# SUPPLIED MATERIAL:
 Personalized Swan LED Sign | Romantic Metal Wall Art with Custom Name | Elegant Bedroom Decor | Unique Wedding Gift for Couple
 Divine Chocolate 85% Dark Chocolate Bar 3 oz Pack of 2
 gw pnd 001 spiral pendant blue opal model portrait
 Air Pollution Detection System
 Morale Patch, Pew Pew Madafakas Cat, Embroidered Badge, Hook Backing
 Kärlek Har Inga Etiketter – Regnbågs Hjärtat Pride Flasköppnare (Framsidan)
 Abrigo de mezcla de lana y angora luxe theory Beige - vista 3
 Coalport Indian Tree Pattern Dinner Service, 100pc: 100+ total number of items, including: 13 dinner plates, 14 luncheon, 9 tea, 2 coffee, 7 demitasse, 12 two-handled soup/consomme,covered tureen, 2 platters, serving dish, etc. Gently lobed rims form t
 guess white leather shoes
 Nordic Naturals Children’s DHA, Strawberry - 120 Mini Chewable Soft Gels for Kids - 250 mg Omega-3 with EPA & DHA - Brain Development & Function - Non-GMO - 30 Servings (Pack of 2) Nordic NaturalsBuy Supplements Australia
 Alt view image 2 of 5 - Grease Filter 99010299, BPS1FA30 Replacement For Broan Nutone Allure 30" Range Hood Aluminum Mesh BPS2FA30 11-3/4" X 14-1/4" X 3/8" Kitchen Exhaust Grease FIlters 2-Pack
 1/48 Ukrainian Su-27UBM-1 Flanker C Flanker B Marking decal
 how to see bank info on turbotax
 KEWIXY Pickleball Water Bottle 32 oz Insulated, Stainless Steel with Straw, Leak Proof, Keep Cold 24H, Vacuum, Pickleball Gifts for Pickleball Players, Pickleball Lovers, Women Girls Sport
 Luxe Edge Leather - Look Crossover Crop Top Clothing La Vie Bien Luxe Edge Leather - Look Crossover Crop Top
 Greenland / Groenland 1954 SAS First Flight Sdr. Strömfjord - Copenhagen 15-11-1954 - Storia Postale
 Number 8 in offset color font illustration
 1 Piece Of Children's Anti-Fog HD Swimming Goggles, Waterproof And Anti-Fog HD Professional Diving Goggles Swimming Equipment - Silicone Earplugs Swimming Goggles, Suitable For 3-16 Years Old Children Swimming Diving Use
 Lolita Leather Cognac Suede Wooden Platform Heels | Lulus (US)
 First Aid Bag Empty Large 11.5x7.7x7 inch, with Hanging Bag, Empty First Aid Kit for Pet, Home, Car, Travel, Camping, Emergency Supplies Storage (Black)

# PROBLEM REQUIREMENTS:
Lines in the entries above that hold "First" should be counted; give only that count.

# OUTPUT OF THE EXERCISE:
2